Washington
President Obama and Secretary of Education Arne Duncan are ramping up efforts to build public support for a way to prevent the interest rate on some student loans from doubling in July.
The interest rate on subsidized Stafford loans is set to double, from 3.4 percent to 6.8 percent, on July 1. The change would affect more than seven million student-loan borrowers, who would incur an extra $1,000 in total interest charges for each loan, according to Mr. Duncan.
After visiting colleges in Wisconsin and Iowa on Thursday, Mr. Duncan spoke at a White House briefing on Friday to promote the seemingly quixotic task of persuading Republicans in Congress to preserve the lower interest rate.
"At a time when college has never been more important, it also, unfortunately, has never been more expensive," he said at the briefing. "Our administration is doing more than ever before to address it."
For his part, the president will make stops next week at flagship public universities in Colorado, Iowa, and North Carolina—which also happen to be swing states in the presidential election—to press this issue and promote his overall higher-education agenda. Mr. Obama will speak at the Universities of Colorado at Boulder, Iowa, and North Carolina at Chapel Hill. He will preview his remarks in his regular Saturday radio address. The White House also has rolled out a social-media campaign using the hashtag #DontDoubleMyRate.
The interest-rate problem stems from 2007, when Congress voted with bipartisan support to cut the Stafford interest rate in half by 2011, from 6.8 percent to 3.4 percent. The cut cost an estimated $7.2-billion from 2007 to 2012, a total that was absorbed almost entirely by lenders and loan-guarantee agencies, according to the Congressional Budget Office.
But in the years since then, student-loan debt has burgeoned, surpassing the $1-trillion mark and exceeding the nation's total credit-card debt for the first time. Student debt has also grown as an issue, gaining power as college costs have continued to rise and a sluggish economy has failed to produce jobs for many college graduates. The issue has been particularly potent among young people, and is a key concern of the Occupy protesters. In March college students delivered 130,000 letters to Congressional leaders to protest the expiration of the lower interest rate.
Bills introduced in both chambers in January aim to extend the 2007 measure for one more year, but they are unlikely to gain traction in Congress. The bills (HR 3826 and S 2051) were introduced by Rep. Joe Courtney, a Democrat of Connecticut, and Sen. Jack Reed, a Democrat of Rhode Island. The Congressional Budget Office estimates that the bills would cost $6.7-billion.
Though the Republican-controlled House of Representatives is unlikely to support the bill, Mr. Duncan said the administration would continue to negotiate on Capitol Hill in an attempt to pass it by July.

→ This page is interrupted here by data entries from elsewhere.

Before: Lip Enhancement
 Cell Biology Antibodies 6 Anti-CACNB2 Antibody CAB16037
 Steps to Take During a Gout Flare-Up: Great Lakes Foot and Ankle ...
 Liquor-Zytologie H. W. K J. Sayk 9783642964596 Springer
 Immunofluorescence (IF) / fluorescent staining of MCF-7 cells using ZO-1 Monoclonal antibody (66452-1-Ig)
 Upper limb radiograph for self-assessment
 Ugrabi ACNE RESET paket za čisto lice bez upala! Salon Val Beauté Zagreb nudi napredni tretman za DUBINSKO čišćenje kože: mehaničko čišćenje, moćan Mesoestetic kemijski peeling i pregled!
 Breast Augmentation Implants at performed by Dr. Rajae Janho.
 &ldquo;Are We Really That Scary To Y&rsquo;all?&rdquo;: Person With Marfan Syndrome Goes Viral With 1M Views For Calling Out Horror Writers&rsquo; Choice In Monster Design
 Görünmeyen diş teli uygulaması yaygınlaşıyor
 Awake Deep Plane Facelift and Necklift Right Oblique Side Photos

"We need to fix it now, we have an immediate crisis," he said at the White House briefing. "I could care less about politics and ideology. This is about, We need an educated work force."
Republican lawmakers have called the proposal a temporary solution, and have said the responsibility to keep tuition affordable should fall to colleges, not the federal government. Rep. John Kline, a Republican of Minnesota and chairman of the House Committee on Education and the Workforce, said extending the low interest rates would unfairly burden taxpayers.
"I have serious concerns about any proposal that simply kicks the can down the road and creates more uncertainty in the long run—which is what put us in this situation in the first place," he said in a news release. "My colleagues and I are exploring options in hopes of finding a responsible solution that serves borrowers and taxpayers equally well."
Correction (4/23/2012, 2:29 p.m.): This article originally misstated one effect of the student-loan interest-rate change on July 1. As a result of the change, each borrower would incur an extra $1,000 in total interest charges, not annual interest charges. The article has been updated to reflect this correction.
The Republicans mentioned that introducing the bill to extend the low interest rate is a temporary solution, but this is a solution for one year which will save students major interest rates. I do not agree that the responsibility to keep tuition affordable should fall to the colleges; this will create a new problem for students who really need the loans for school and cannot get them because university’s financial aid workers are giving them a hard time about petty issues that don’t have anything to do with the loan process.